LA SUA ATTIVITÀ INDUSTRIALE è stata ritenuta una minaccia per la vita di 17mila olandesi, affiancati da una folta rete di associazioni ecologiste. «È incredibile e decisamente inaccettabile – fa sapere Silja – che una compagnia come Shell, nel bel mezzo di una crisi climatica globale, installi una nuova piattaforma di oil&gas. È arrivato il momento di smetterla di trivellare e di iniziare a pagare».

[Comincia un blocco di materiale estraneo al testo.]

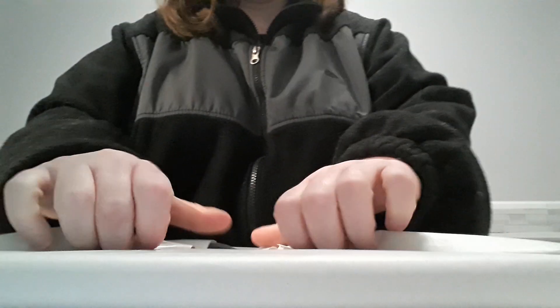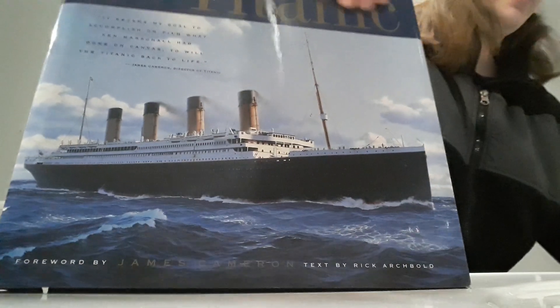Now, I know you already see me unbox this, but it turned out someone stuck a copy of Titanic: An Illustrated History inside — and this one's a lot nicer copy.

DA UN LATO CI SONO SICCITÀ, incendi, inondazioni e altri disastri climatici, dall’altro la litania costante delle multinazionali di una transizione ancora necessaria, che giustificherebbe il perpetrarsi di un’attività industriale – onerosa per l’ambiente e i cittadini – ancorata ai combustibili fossili. Una battaglia titanica che, questa volta, si è tradotta con l’immediatezza delle immagini giunte dall’Oceano Atlantico in una scalata senza eguali. Un corpo a corpo lungo 118 metri a strapiombo sul mare in difesa della vita.